Le juge du désert
Le patio de la demeure du chef du village baignait dans une pénombre trouée par deux lampes à huile, leurs flammes dansant sur les colonnes de pierre fissurées.
L'odeur de la menthe fraîche se mêlait à celle de la cire et de la terre humide. Iba s'assit sur le coussin bas, le dos raide dans son costume croisé qui lui collait à la peau.
La peur lui serrait la gorge depuis qu'il avait posé le pied dans ce village. Khalil, chef tribal, drapé dans sa gandoura, le regardait sans un mot.
Ses mains ridées versèrent le thé de haut, le filet ambré moussant parfaitement dans le petit verre.
Iba ajusta le col de sa veste.
— Merci pour l'hébergement. Je préfère dormir ici, pour cette première nuit, que dans la salle qui m'a été assignée.
Il balaya les ombres du regard, cherchant une faille, puis lâcha, trop vite pour paraître sûr de lui :
— Pourquoi refusez-vous l'électricité ? Une seule ampoule suffirait à éclairer tout ça.
Khalil ne répondit pas tout de suite. Il porta le verre à ses lèvres, but lentement, ignorant l'impatience du citadin.
Quand il parla, sa voix était grave, presque lasse :
— Vouloir de la lumière partout, c'est un gaspillage. L'obscurité a sa place.
Iba eut un rictus amer. Cette même colère qu'il ravalait depuis des mois, depuis que l'Administration l'avait broyé, remontait déjà.
— L'obscurité à sa place... vous avez raison, lâcha-t-il.

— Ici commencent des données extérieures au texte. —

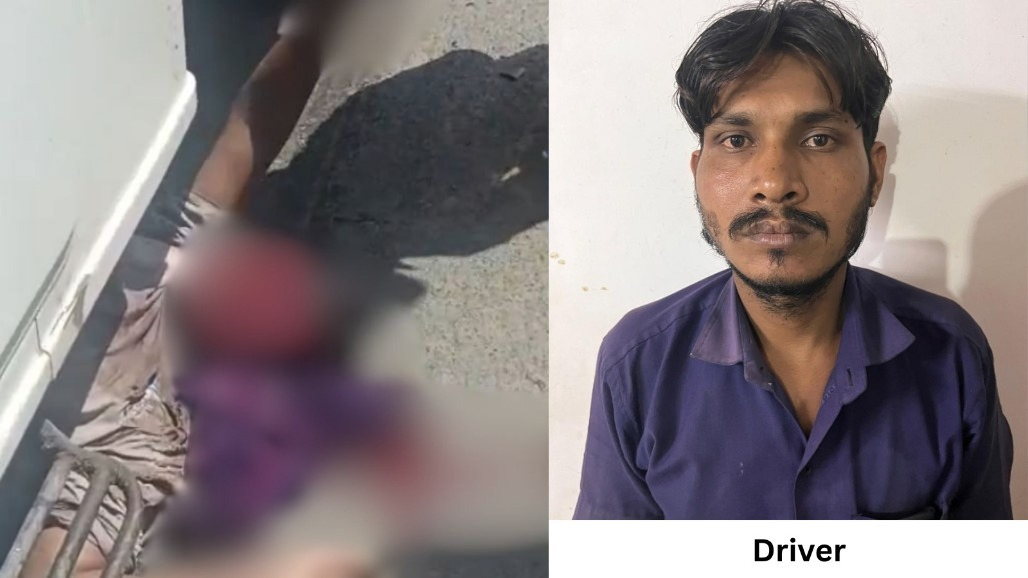 15-Year-Old Boy Suffers Severe Facial Injuries After Bolero Pickup Hits Him in Ahmedabad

Une silhouette glissa dans la lumière vacillante. Farah, pieds nus, vêtue d'un drapé léger, le visage à demi caché par son chèche, s'avança en silence et déposa un couteau à lame courte sur le plateau de cuivre, juste à côté de Khalil.

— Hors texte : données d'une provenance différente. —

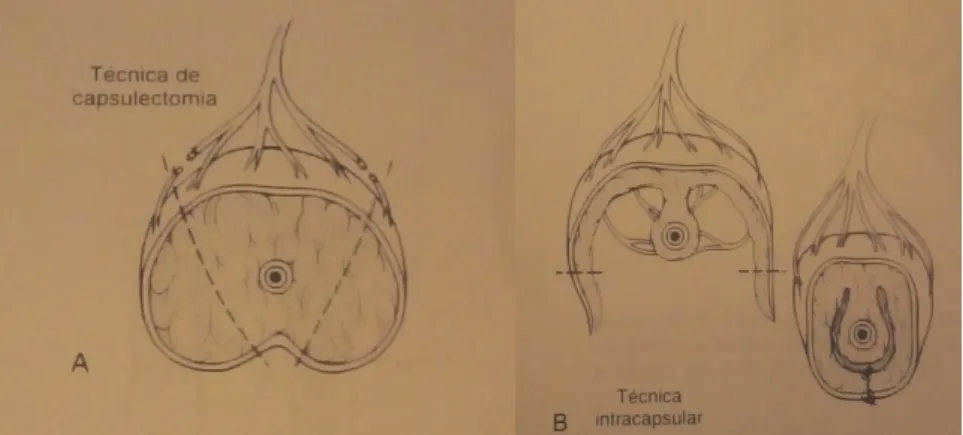 Figura  8A:  representação  esquemática  da  técnica  de  prostatectomia  parcial.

Ses doigts tremblèrent en effleurant le métal. Elle leva les yeux vers Iba — un regard rapide, curieux, presque inquiet — puis les baissa aussitôt.
— Bienvenue parmi nous, murmura-t-elle d'une voix à peine audible.

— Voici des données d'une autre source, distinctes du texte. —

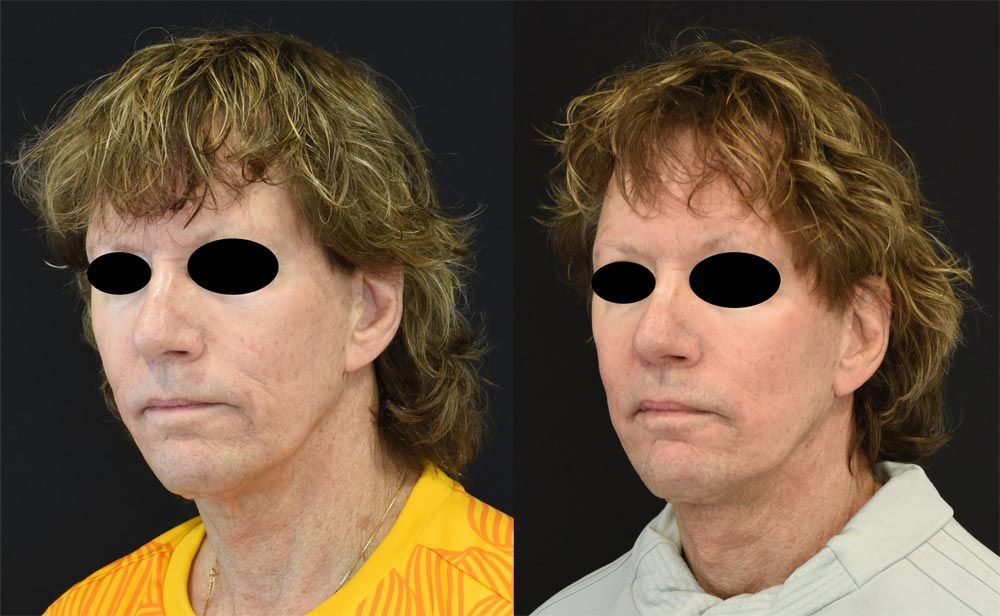 Cincinnati Revision, Neck Lift, Extended Deep Plane Facelift Before and After - Left 3/4 - Optimized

Khalil prit le couteau, le fit tourner lentement entre ses doigts calleux, l'examinant à la lueur des flammes, puis but une nouvelle gorgée de thé. Un sourire narquois plissa ses yeux fatigués.
— Je suis un envoyé du Service territorial des affaires de justice rurale, dit Iba, s'efforçant de retrouver son ton officiel, de se raccrocher à son titre. Je serai chargé de traiter tous les documents administratifs du douar.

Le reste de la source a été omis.